I know I promised you guys juicy news last time, but it’s not quite ready to be delivered from the mad scientists I have working on it, so it will wait. One of my classes required me to review a piece of artwork in my field of study. As an Industrial Design major who hopes to move into auto design, I chose to review an old friend, the BMW 3 series.
Specifically, I’d like to discuss the slightly older BMW 3 series. I haven’t been exactly taken aback by BMW’s current styling department, and while they do seem to be fantastic cars on paper, I’m not totally convinced. My mother owns a BMW a few years newer than my father, but hers has all kinds of nitpicky things that bug me. Things like the paint/coatings chipping off interior pieces and the awkward GPS navigation make you wonder why you paid so much extra for that blue and white badge. And many other current models are just too flashy to really be taken seriously in my opinion. Don’t get me wrong, my mother’s black on black X3 is, most of the time, a pretty good car. It accomplishes what we ask of it without too much complaint. Even the newest BMWs are toning down their ridiculous styling. But what I really want to talk about is my dad’s 323i.
At first glance the 2000 323i seems to be pretty standard in terms of 11 year old German automobiles. It’s simple, big enough for a small family, economical and rather comfortable inside. All of the things one might expect on a thirty thousand dollar luxury sedan are present: power accessories, a marvelous stereo system and buttons galore to control all the toys within. But that’s not what makes this car great.
One might expect a typical, business-like sedan to be rather neutral to own. Yes it’s reasonably stylish, but it’s not causing all the 8 year olds in the vicinity to stare either. The lines are simple and clean. The whole car looks very solid, very planted. The overall stature of the car is unassuming. It isn’t abundantly flashy, though the fenders flare out just enough to give a hint at what this car is capable. All this visual neutrality belies the real excitement of this car. Because while on the outside the Bavarian machinery is dressed in a very normal looking suit, underneath it’s quite the athlete.

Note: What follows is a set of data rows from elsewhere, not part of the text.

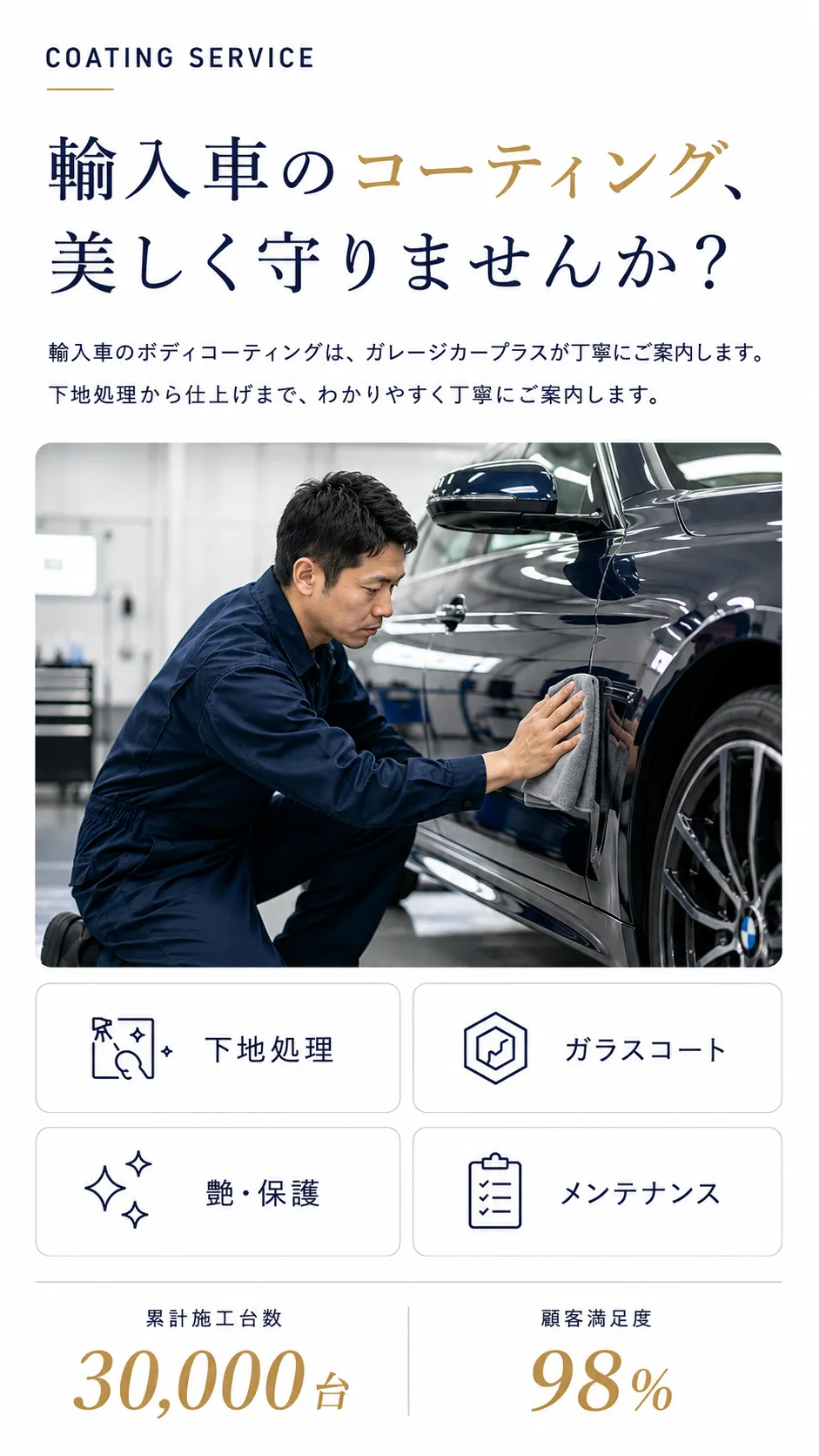 コーティングの車検・修理・整備・板金塗装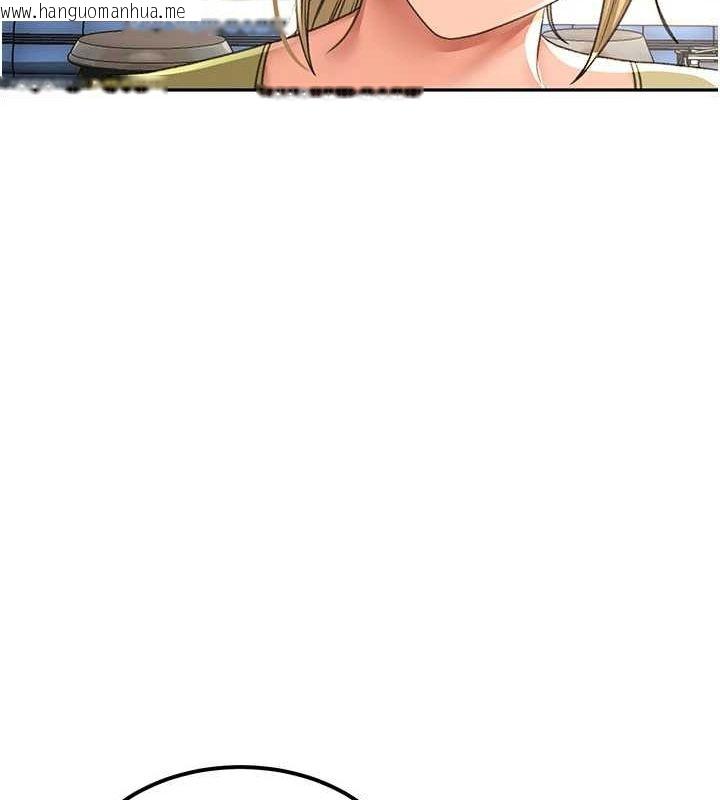 韩国漫画顶加套房的春天韩漫_顶加套房的春天-第10话-[新任务]偷揉邻居的胸部在线免费阅读-韩国漫画-第169张图片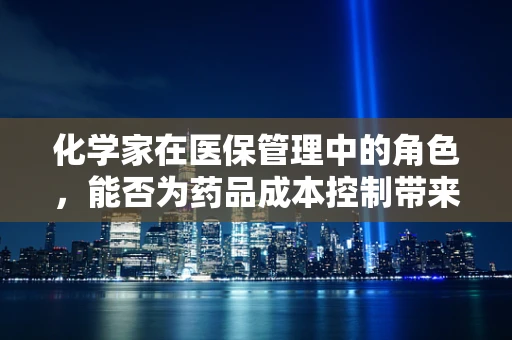 化学家在医保管理中的角色，能否为药品成本控制带来新视角？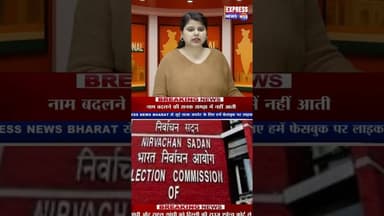 पश्चिम बंगाल में चुनाव से पहले मचेगा सियासी बवाल? #shorts #bengal #mamatabanerjee #sir #bjp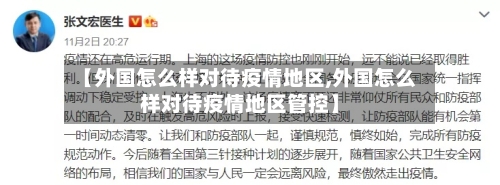 【外国怎么样对待疫情地区,外国怎么样对待疫情地区管控】-第1张图片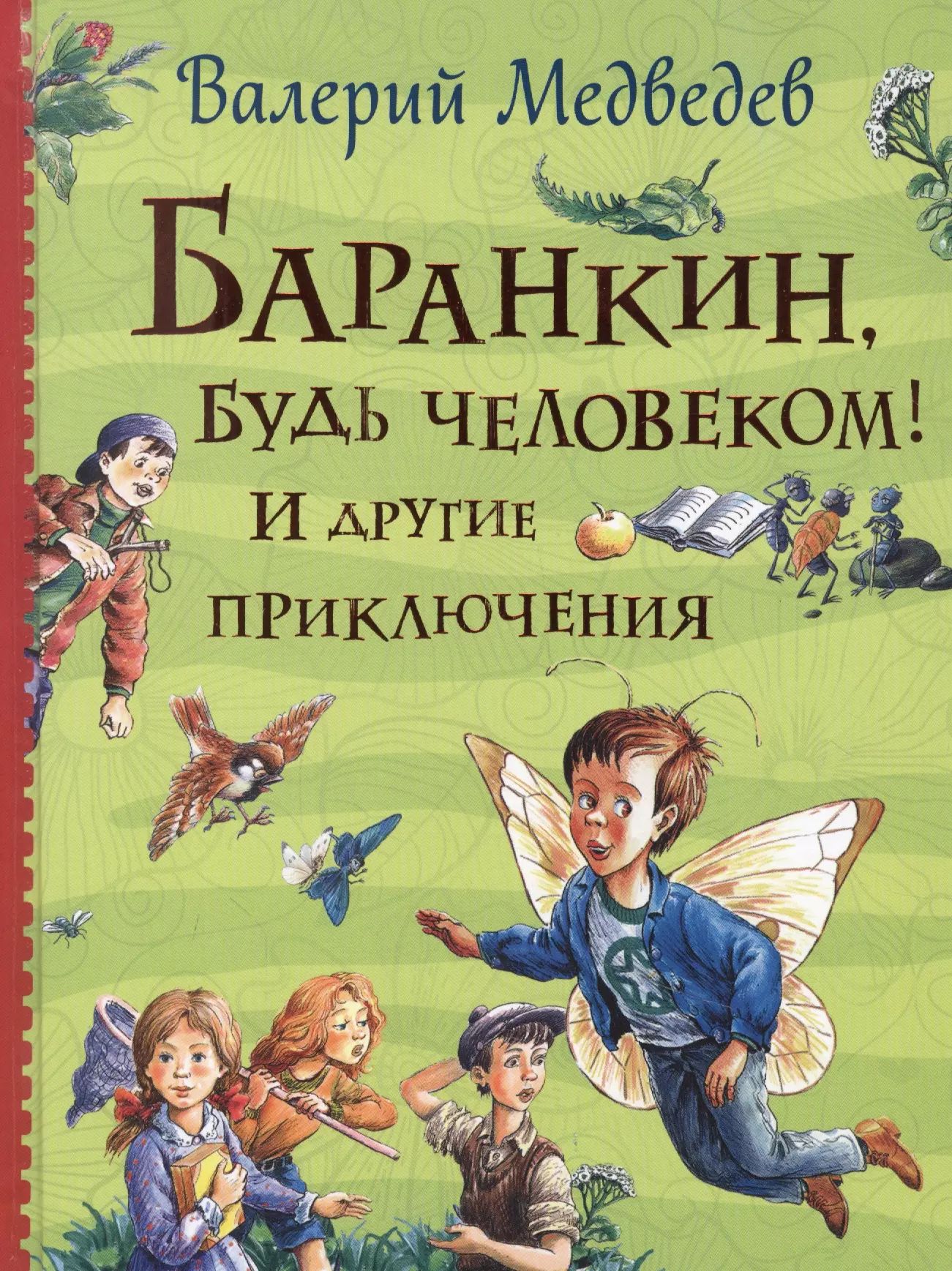 Купить Книги Валерия Медведева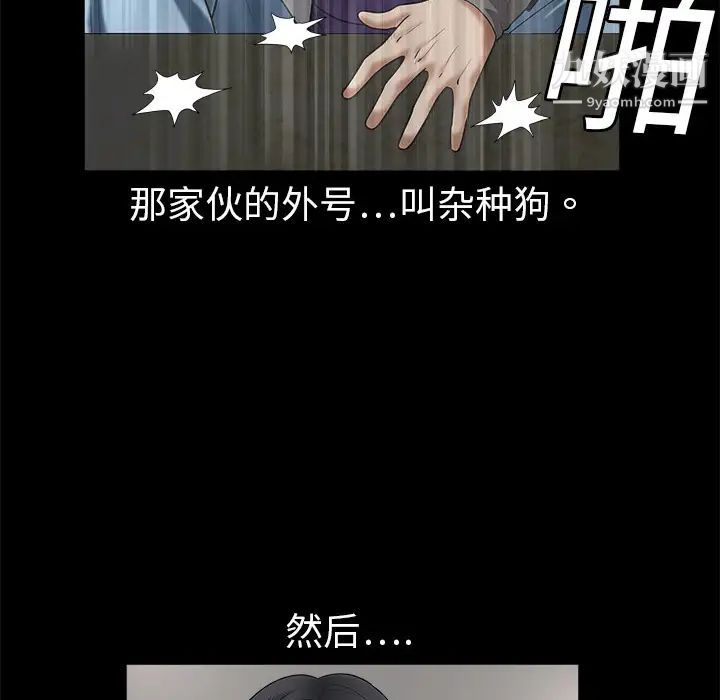 枷锁第2话
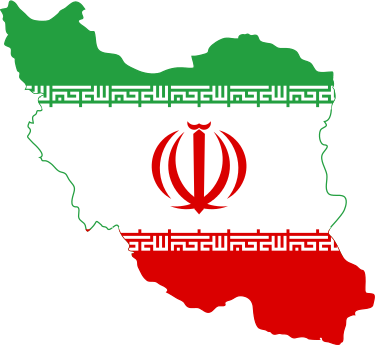 تحقیقی پیرامون نام کشور ایران ایران نه،اېران!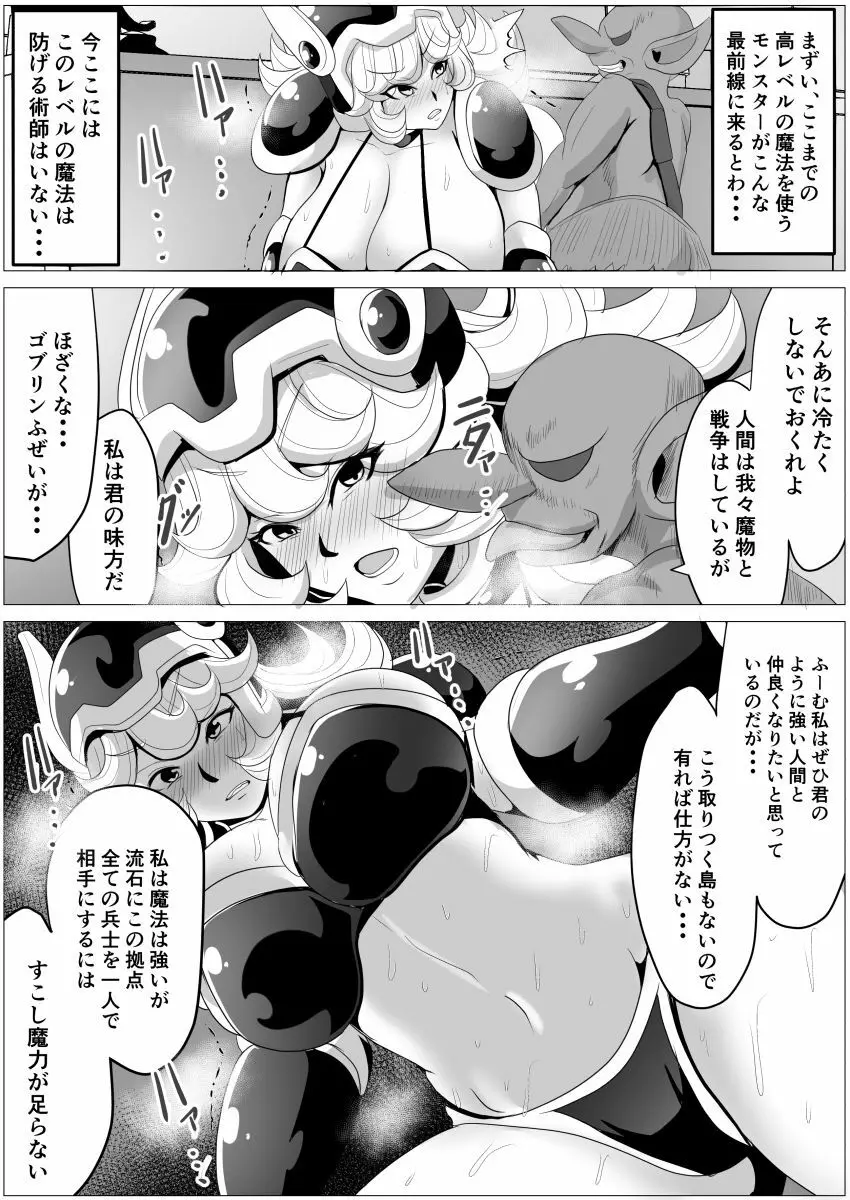 世界を救った勇者のパーティーだけどゴブリンに寝取られます女戦士 Page.6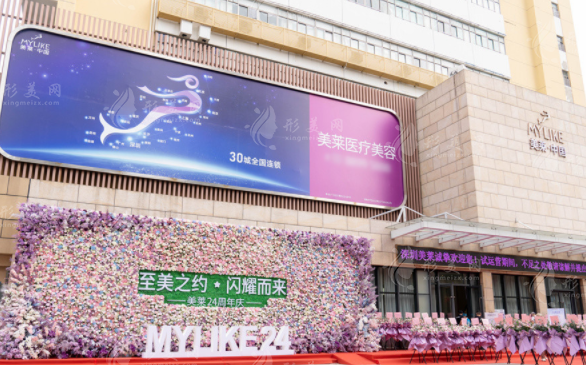深圳美萊醫(yī)療美容整形醫(yī)院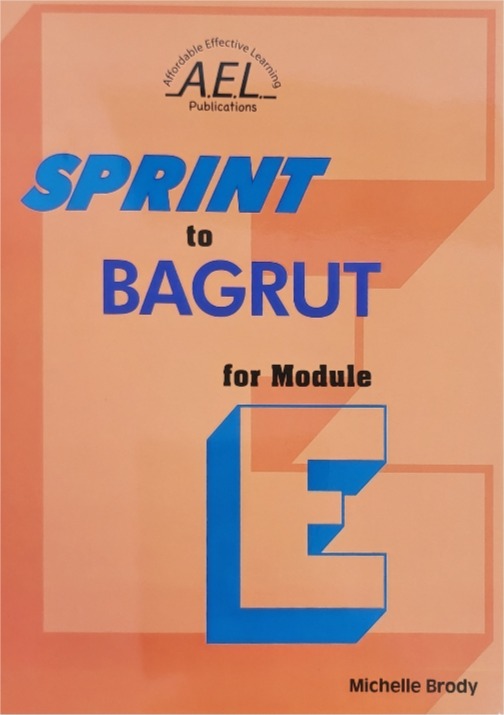 SPRINT TO BAGRUT FOR MODULE E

The real beauty of this car is that you can use it every day, commuting to work or school, hauling your family around, and no one ever raises an eyebrow. But the moment you take a detour through the mountains, you start to forget about all that practicality you told yourself you wanted.
As someone who routinely romps around in an American V8 torquemobile, the lower figures of the BMW are at first difficult to get used to. The inline six, while very smooth and refined, doesn’t have quite the same kick as something larger. Despite only having 172 horsepower and 181 lb-ft of torque, the car still manages to move around briskly. The gearing of the transmission is very well set up to take full advantage of the cars available power. You won’t be breaking any speed records, but you also won’t be bringing up the rear, either. When you do find yourself cruising at higher speeds, the autobahn inspired chassis stays smooth and comfortable, with hardly a twitch when lesser cars might be shaking about. Lack of torque aside, the motor loves to rev and use the entire range. The result is a very positive experience driving around, either at commute speeds or those that are decidedly quicker. While a manual transmission would be preferable, the automatic does a good job of figuring out what you want to do based on throttle position and response. It also offers a tiptronic/sequential style shift mode, where the driver can manually select the gear, but it’s rather sluggish and not worth switching out of automatic. This point is heightened by the fact that it will not hold gear indefinitely; it will shift out of any given gear if the car things the transmission or engine will be damaged.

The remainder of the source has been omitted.